▶ **Task**
In the entries below, find the line with "SHENHE Women's High" and the line with "Prsteň s čiernym". Repeat exactly everything between them, those two lines included, but not the pictures.
*** Data for this exercise Section Begins ***
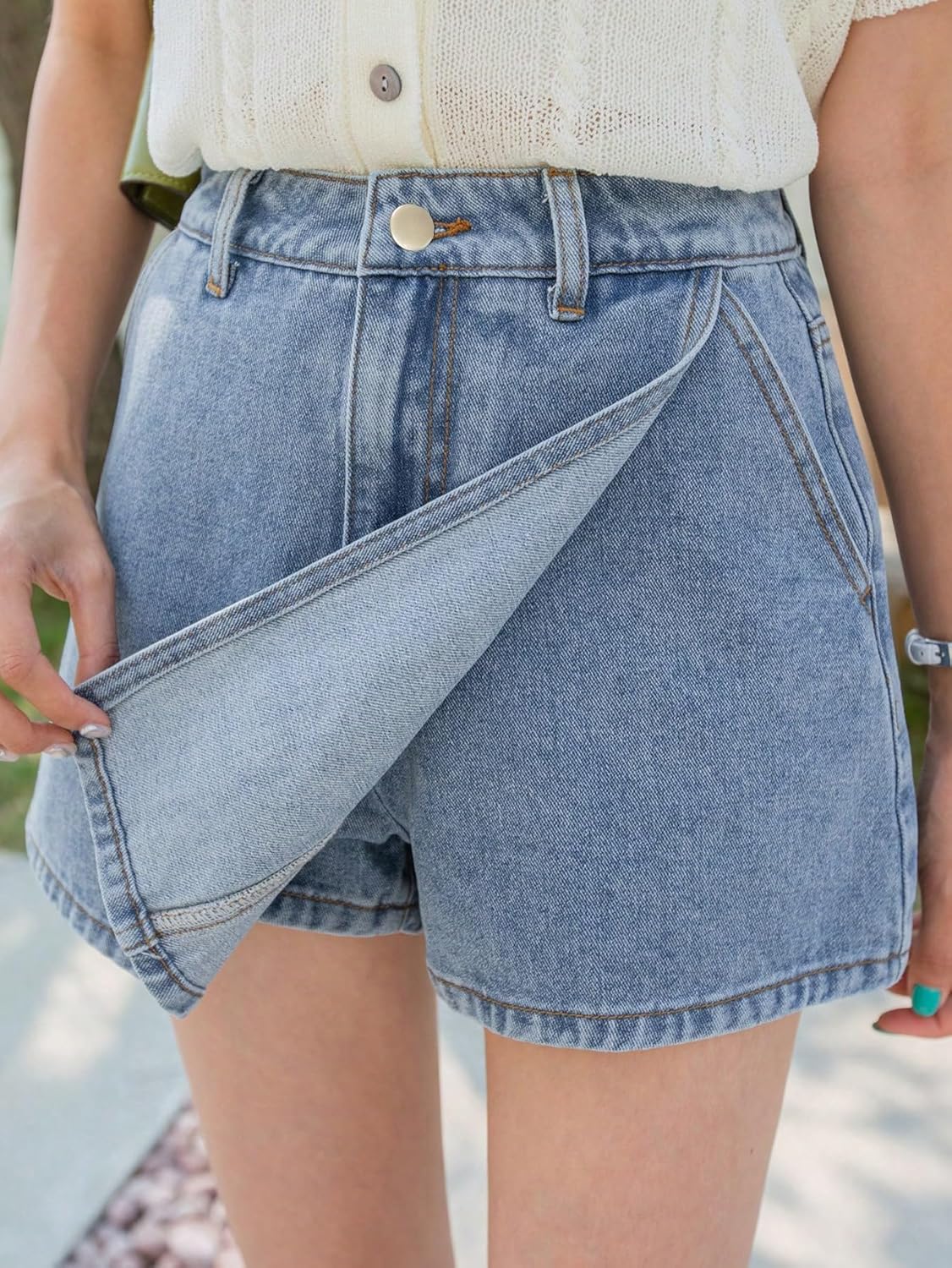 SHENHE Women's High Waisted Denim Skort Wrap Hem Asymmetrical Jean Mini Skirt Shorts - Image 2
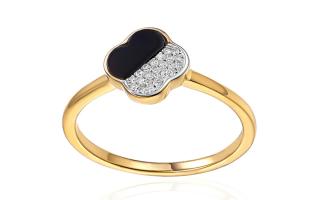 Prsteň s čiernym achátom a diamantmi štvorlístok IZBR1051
*** Data for this exercise Section Ends ***
*** Data for this exercise Section Begins ***
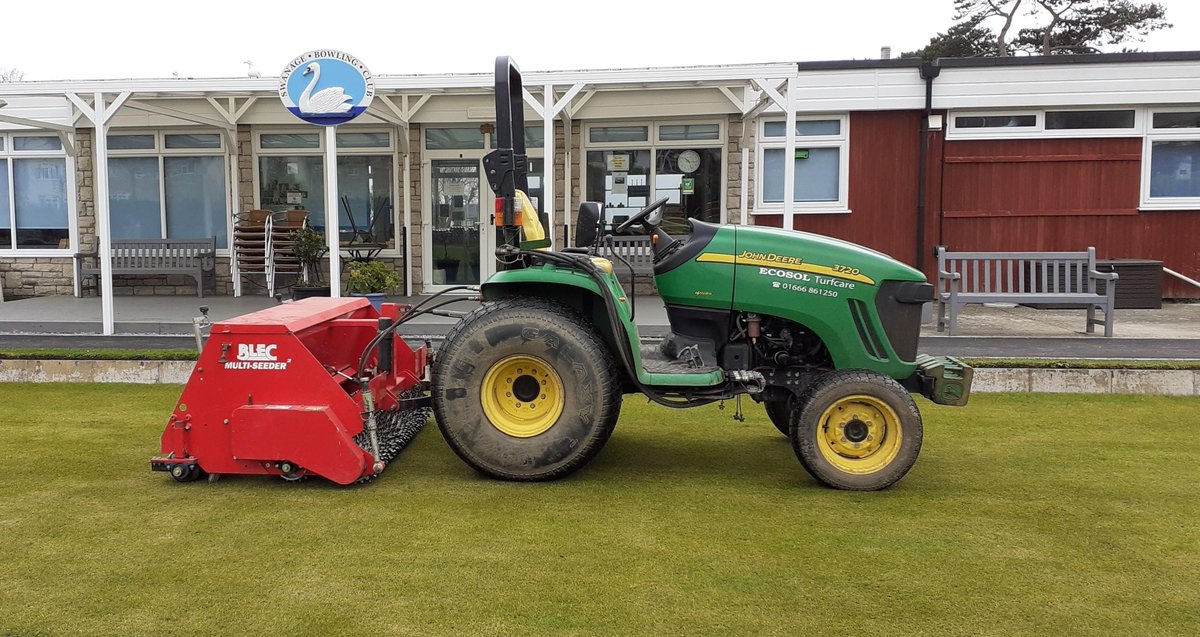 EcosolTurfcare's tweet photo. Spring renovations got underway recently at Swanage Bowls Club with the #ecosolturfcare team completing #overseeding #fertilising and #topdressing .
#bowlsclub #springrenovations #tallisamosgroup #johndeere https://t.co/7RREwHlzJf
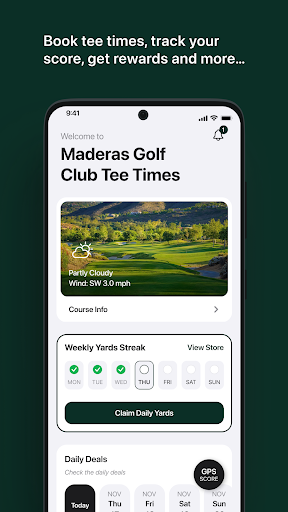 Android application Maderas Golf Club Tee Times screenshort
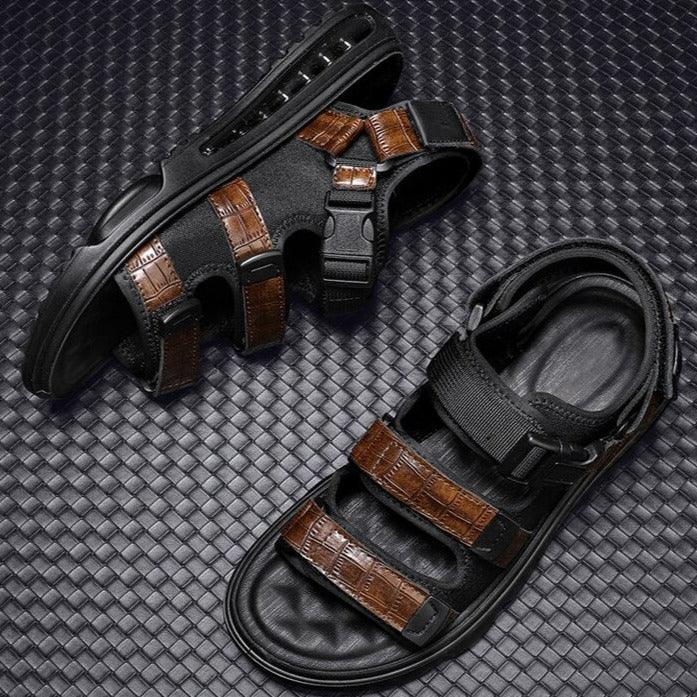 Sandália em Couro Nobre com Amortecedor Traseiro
*** Data for this exercise Section Ends ***
*** Data for this exercise Section Begins ***
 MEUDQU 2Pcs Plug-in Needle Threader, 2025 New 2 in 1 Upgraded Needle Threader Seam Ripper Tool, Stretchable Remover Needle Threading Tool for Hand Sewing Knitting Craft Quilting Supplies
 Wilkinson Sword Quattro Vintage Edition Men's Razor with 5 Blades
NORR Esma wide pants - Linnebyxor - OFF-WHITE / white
*** Data for this exercise Section Ends ***
▶ **Written reply**
 SHENHE Women's High Waisted Denim Skort Wrap Hem Asymmetrical Jean Mini Skirt Shorts - Image 2
 Prsteň s čiernym achátom a diamantmi štvorlístok IZBR1051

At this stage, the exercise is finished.